■ **Material provided**:
______________________________

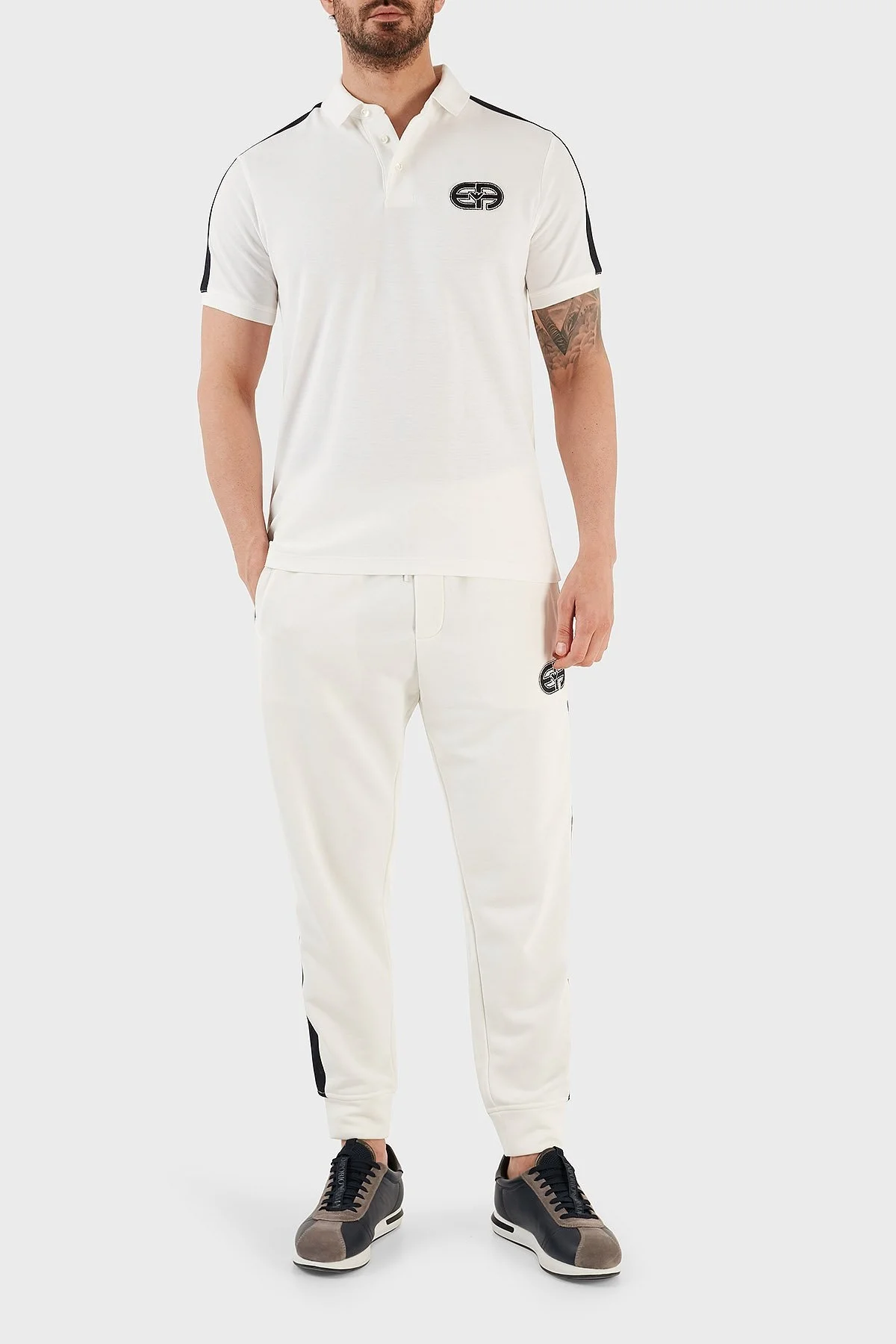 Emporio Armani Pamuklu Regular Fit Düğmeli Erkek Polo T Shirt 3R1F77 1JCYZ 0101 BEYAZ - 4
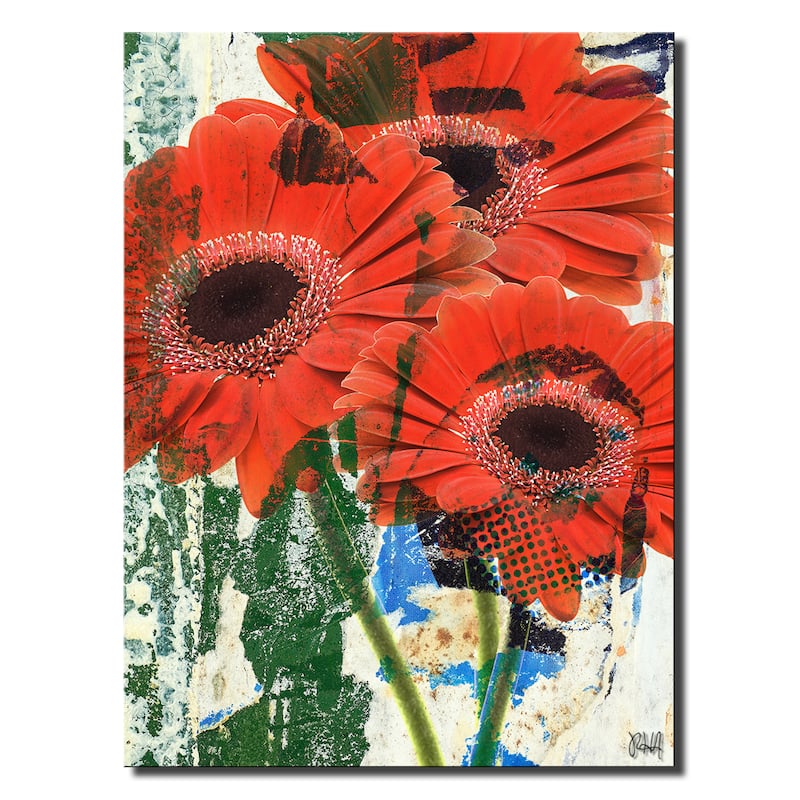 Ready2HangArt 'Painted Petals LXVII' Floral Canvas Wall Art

______________________________

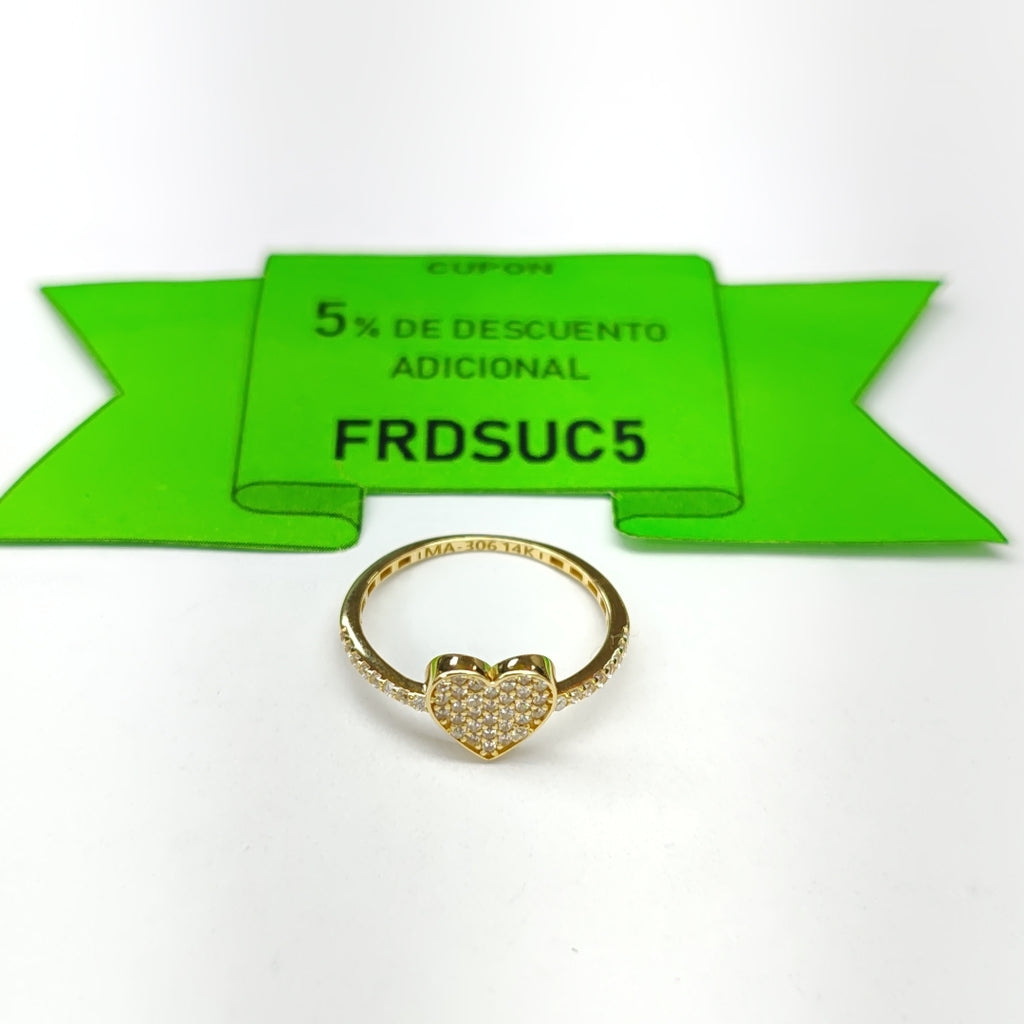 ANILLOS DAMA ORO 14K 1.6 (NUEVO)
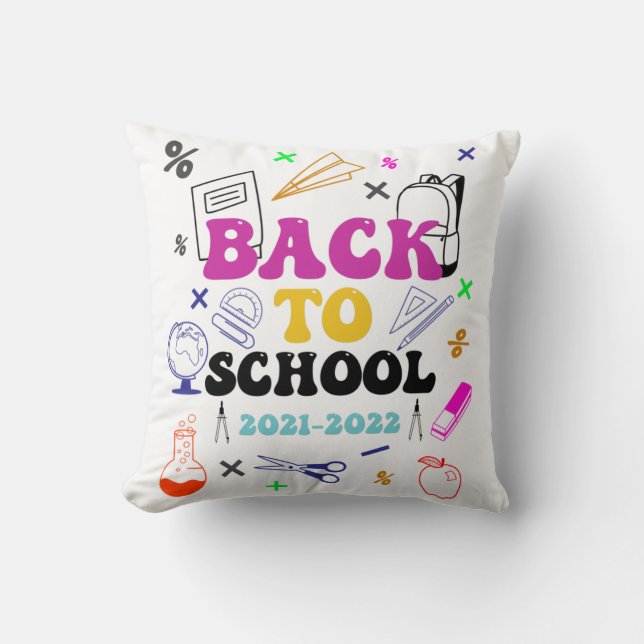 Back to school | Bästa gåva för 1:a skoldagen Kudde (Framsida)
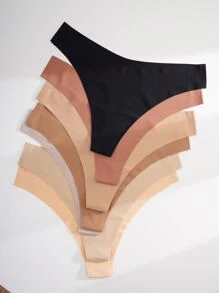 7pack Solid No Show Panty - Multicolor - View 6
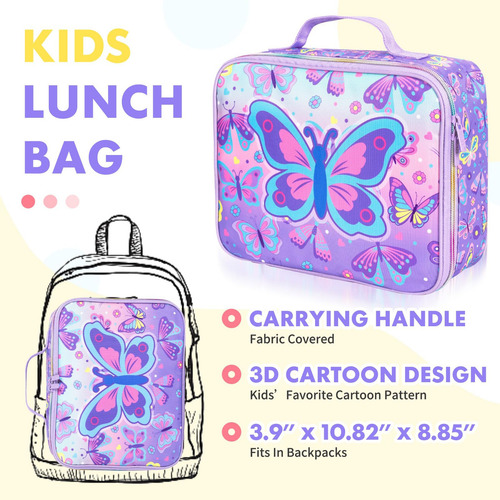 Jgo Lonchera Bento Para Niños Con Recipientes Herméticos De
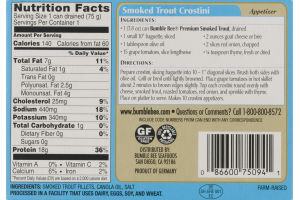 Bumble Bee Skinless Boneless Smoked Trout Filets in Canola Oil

______________________________

■ **Directions for this task**:
Return exactly the part of the listing above that opens with the line containing "Emporio Armani Pamuklu" and closes with the line containing "Ready2HangArt 'Painted Petals". Pictures stay out.

■ **Task response**:
 Emporio Armani Pamuklu Regular Fit Düğmeli Erkek Polo T Shirt 3R1F77 1JCYZ 0101 BEYAZ - 4
 Ready2HangArt 'Painted Petals LXVII' Floral Canvas Wall Art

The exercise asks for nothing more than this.